Todos os anos acontece, em Campina Grande, na época do Carnaval, um encontro chamado Nova Consciência. Era para ser um evento com ares ecumênicos e um certo sabor a exotismo. Nos inícios havia um predomínio de Hare krishnas e toda sorte de orientalismos superficiais, com os mantras, incensos e gente trajada com aqueles bonitos mantos bracos e sandálias de couro.

De uns tempos para cá, o que era interessante e pitoresco foi tornando-se uma espécie de conflito pelo predomínio, a partir da reação dos evangélicos fundamentalistas, que devem ter visto naquela agradável confusão de vários tipos de gente alguma arte do diabo, que eles vêm o príncipe do mundo por toda parte.

Esses fanáticos barulhentos criaram um evento próprio deles, na maior área pública da cidade e o chamaram Consciência Cristã, para deixar bem claro que não tinha nada de nova, ampla ou aberta, era só cristã, exclusiva e pronto.

Essa consciência cristã reune-se aqui pertinho de casa e faz um barulho dos infernos, como todas as reuniões dessa gente. Não sei, mas o medo dos demônios deve fazê-los gritarem como se no inferno estivessem.

Todavia, o grupo mais interessante desses todos é o dos judeus que se dizem Amigos da Torá. Prova que no Brasil são possíveis todos os fundamentalismo, mas nenhuma ortodoxia. No início, tratava-se de uma tentativa de harmonização dogmática que atendia pelo nome Beit Teshuvá.

Era um grupo de autodenominado judaísmo messiânico, que buscava por em um mesmo saco judaísmo e cristianismo. Essa incoerência flagrante ficava clara na impossibilidade de achar que o messias veio e achar que ele ainda vem, ao mesmo tempo! E também em achar possível algum judaísmo que aceite o filho de Deus consubstancial a Ele, suprema heresia.

Devem ter percebido que lidavam com elementos impossíveis de se misturarem conceitualmente e partiram para dizer-se judeus, assim mais pura e simplesmente. E agora são os Amigos da Torá, que divulgam o seu quinto encontro Judaico por meio do panfleto acima.

O papelzinho tem muito pouco de judaico, pois o meio próprio de fazer proselitismo deles não é esse. Tem, sim, ares de propaganda de auto-ajuda, o que se percebe no subtítulo Judaísmo: mais que uma religião, um estilo prático e ético de vida!

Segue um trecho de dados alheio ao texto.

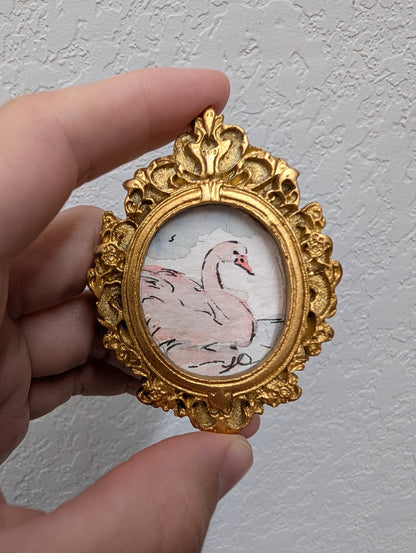 Mini Swan Painting - Original Watercolor Art by Lora Cavallin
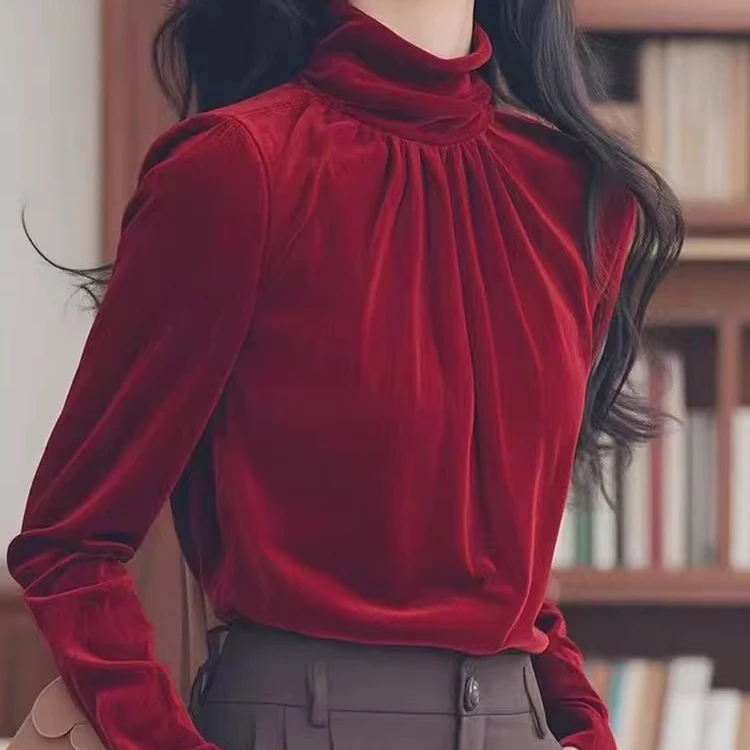 法式半高领金丝绒衬衫女秋冬高级感时尚洋气时髦轻奢内搭打底上衣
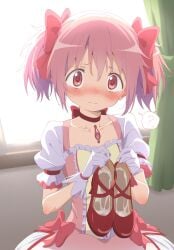 ai_generated cum cum_in_shoe cute hair_ribbon high_heels highres madoka_kaname magical_girl magical_girl_outfit mahou_shoujo_madoka_magica pink_eyes pink_hair puella_magi_madoka_magica red_ribbon ribbon ribbons twintails uncomfortable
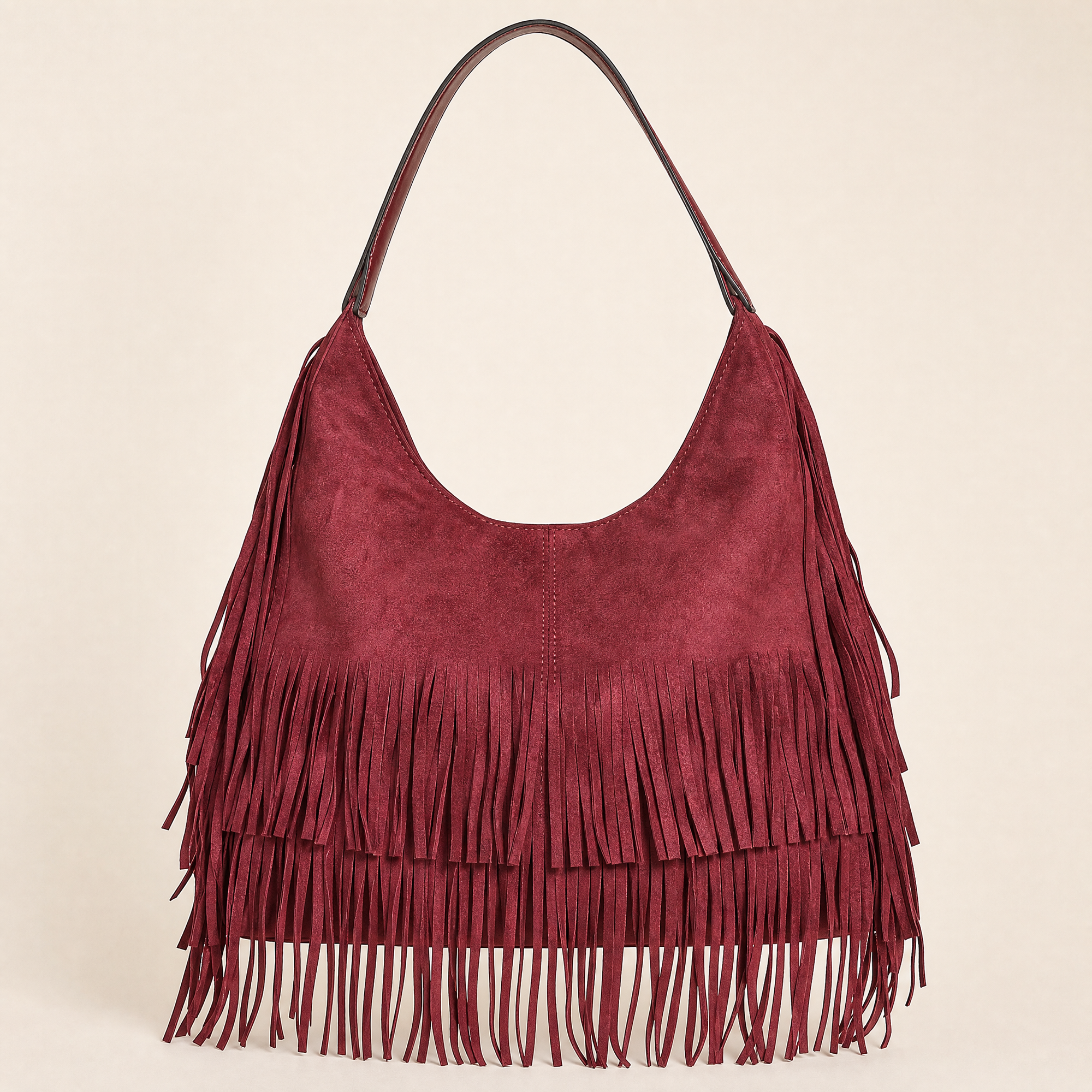 Borsa hobo con frange in ecopelle Bordeaux - vista frontale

Parece coisa de feira de curiosidades e tem sessões de Cine – kasher. Ora, diz-se kasher a comida própria, ou seja, conforme às prescrições da Lei. Não se sabia da existência de um cinema kasher, quer dizer, adequado àlguma lei judaica, mas tudo bem…

Não há propriamente absurdo em haver judeus que se redescubram, aqui em Campina Grande. Com efeito, poderia haver um e outro indivíduo com ancestralidade distante naqueles poucos sefarditas que ficaram no nordeste do Brasil depois da expulsão dos holandeses.

Todavia, as tradições desses sefarditas de origens predominantemente ibéricas foram diluindo-se até quase perderem-se totalmente. Diferentemente, os asquenazitas chegados mais recentemente, notadamente nos princípios e meio do século XX, têm sua identidade bastante marcada e não precisam redescobrir-se judeus.

Então, a coisa toda é bastante inverossímil, embora seja possível, claro. Mais provável que a redescoberta de origens judaicas remotas é o anseio de ser judeu, que se percebe, por exemplo, em certos grupos reformados, como alguns batistas. Há certa fantasia de pureza original e exclusividade no judaísmo e isso seduz um e outro nesse caldeirão de superficialidades que é o país.

Deviam, agora, deixar-se seduzir pela mania das genealogias, uma das formas mais interessantes de loucura que acomete as pessoas. E traçar linhas extensas desde Campina Grande até às muralhas de Jerusalém!